WebQSP is a dataset that is based off of a subset of the Freebase Knowledge Graph, which is an open-source knowledge graph formerly maintained by Google. For each question-answer pair in the dataset, a subgraph was chosen based on a Semantic SPARQL search on the larger knowledge graph, to provide relevent context on finding the answer. So each entry in the dataset consists of:
- A question to be answered
- The answer
- A knowledge graph subgraph of Freebase that has the context needed to answer the question.

In [2]:
ds.raw_dataset

Dataset({
    features: ['id', 'question', 'answer', 'q_entity', 'a_entity', 'graph', 'choices'],
    num_rows: 100
})

In [3]:
ds.raw_dataset[0]

{'id': 'WebQTrn-0',
 'question': 'what is the name of justin bieber brother',
 'answer': ['Jaxon Bieber'],
 'q_entity': ['Justin Bieber'],
 'a_entity': ['Jaxon Bieber'],
 'graph': [['P!nk', 'freebase.valuenotation.is_reviewed', 'Gender'],
  ['1Club.FM: Power', 'broadcast.content.artist', 'P!nk'],
  ['Somebody to Love', 'music.recording.contributions', 'm.0rqp4h0'],
  ['Rudolph Valentino',
   'freebase.valuenotation.is_reviewed',
   'Place of birth'],
  ['Ice Cube', 'broadcast.artist.content', '.977 The Hits Channel'],
  ['Colbie Caillat', 'broadcast.artist.content', 'Hot Wired Radio'],
  ['Stephen Melton', 'people.person.nationality', 'United States of America'],
  ['Record producer',
   'music.performance_role.regular_performances',
   'm.012m1vf1'],
  ['Justin Bieber', 'award.award_winner.awards_won', 'm.0yrkc0l'],
  ['1.FM Top 40', 'broadcast.content.artist', 'Geri Halliwell'],
  ['2011 Teen Choice Awards',
   'award.award_ceremony.awards_presented',
   'm.0yrkr34'],
  ['m.012bm2v1'

Although this dataset can be trained on as-is, a couple problems emerge from doing so:
1. A retrieval algorithm needs to be implemented and executed during inference time, that might not appropriately correspond to the algorithm that was used to generate the dataset subgraphs.
2. The dataset as is not stored computationally efficiently, as there will exist many duplicate nodes and edges that are shared between the questions.

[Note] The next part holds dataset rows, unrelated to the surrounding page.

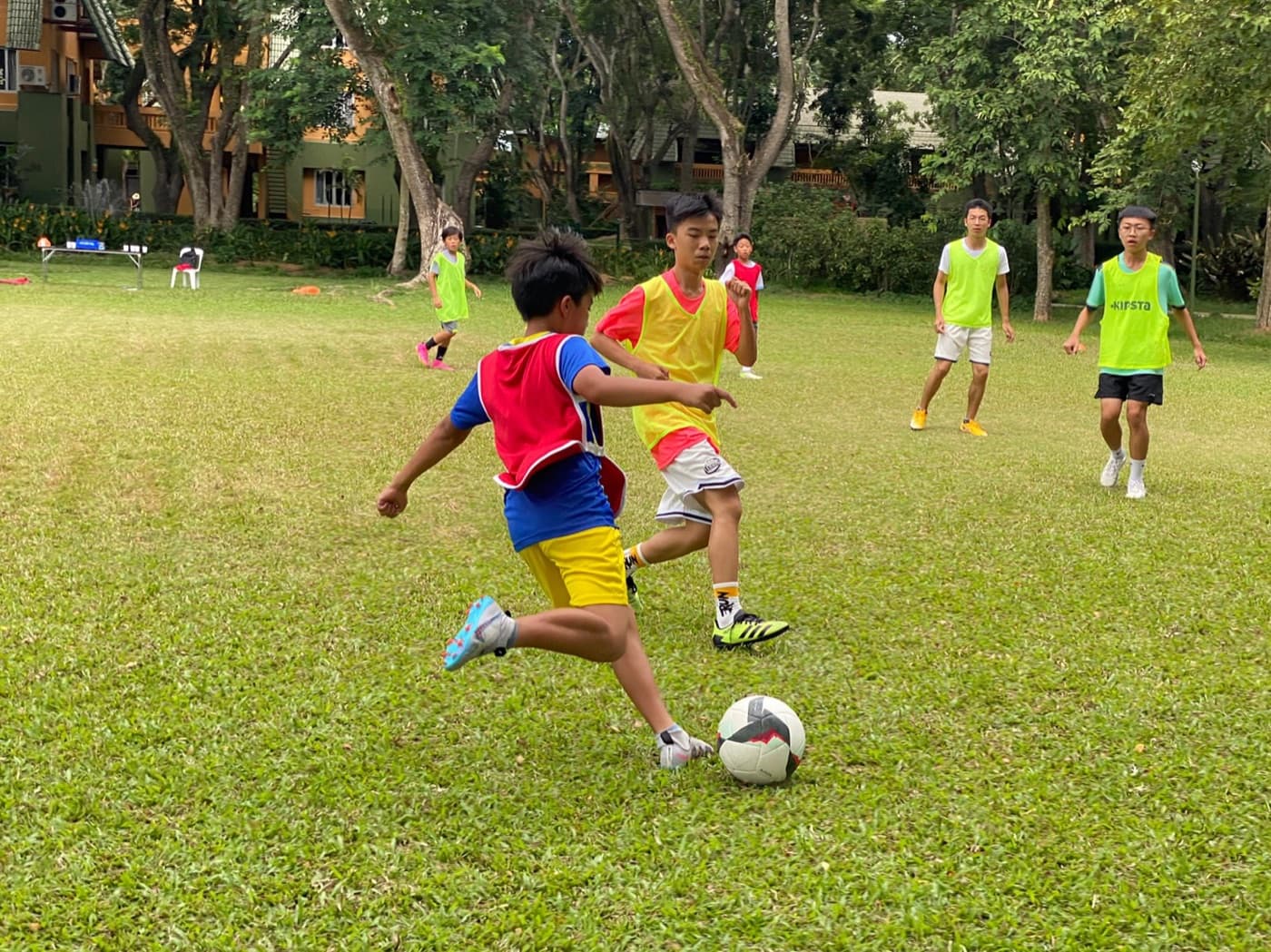 Children playing soccer together at an outdoor camp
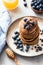 Gluten free oat pancakes with blueberries and chocolate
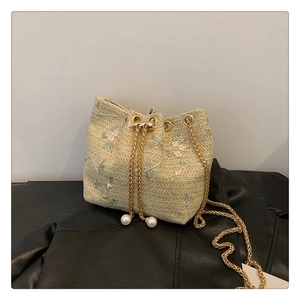 Detailed close-up of beige straw bucket bag with floral embroidery and pearl drawstring tassels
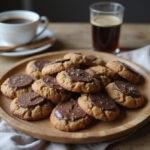 Final presentation of delicious Dove crumbl cookies on a rustic plate with coffee, showcasing the irresistible treat.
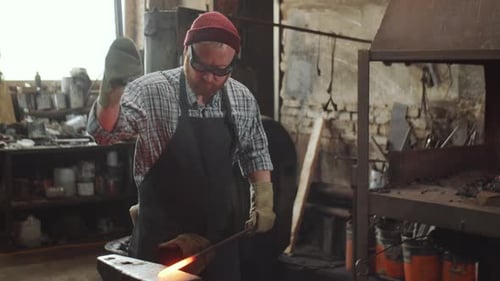 Blacksmith Shaping Hot Metal Rod in Workshop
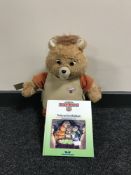 A vintage Teddy Rukspin bear with accompanying book and cassette tape CONDITION REPORT:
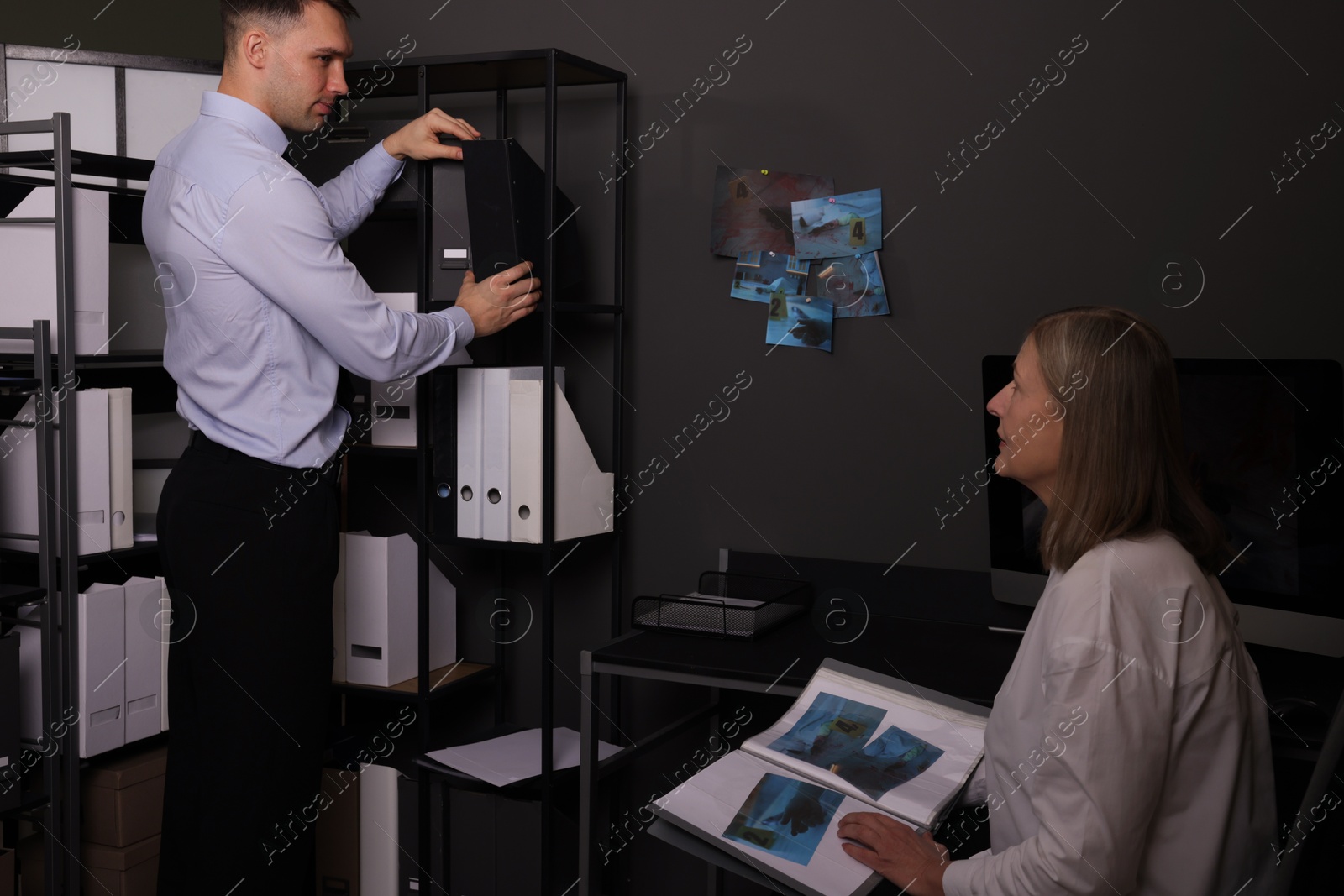 Photo of Forensic experts working with crime scene photos in office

As a result, it makes sense in this scenario to be able to encode all the entries into a large knowledge graph, so that duplicate nodes and edges can be avoided, and so that alternative retrieval algorithms can be tried. We can do this with the LargeGraphIndexer class:

In [4]:
from torch_geometric.data import LargeGraphIndexer, Data, get_features_for_triplets_groups
from torch_geometric.nn.nlp import SentenceTransformer
import time
import torch
import tqdm
from itertools import chain
import networkx as nx

In [13]:
raw_dataset_graphs = [[tuple(trip) for trip in graph] for graph in ds.raw_dataset['graph']]
print(raw_dataset_graphs[0][:10])

[('P!nk', 'freebase.valuenotation.is_reviewed', 'Gender'), ('1Club.FM: Power', 'broadcast.content.artist', 'P!nk'), ('Somebody to Love', 'music.recording.contributions', 'm.0rqp4h0'), ('Rudolph Valentino', 'freebase.valuenotation.is_reviewed', 'Place of birth'), ('Ice Cube', 'broadcast.artist.content', '.977 The Hits Channel'), ('Colbie Caillat', 'broadcast.artist.content', 'Hot Wired Radio'), ('Stephen Melton', 'people.person.nationality', 'United States of America'), ('Record producer', 'music.performance_role.regular_performances', 'm.012m1vf1'), ('Justin Bieber', 'award.award_winner.awards_won', 'm.0yrkc0l'), ('1.FM Top 40', 'broadcast.content.artist', 'Geri Halliwell')]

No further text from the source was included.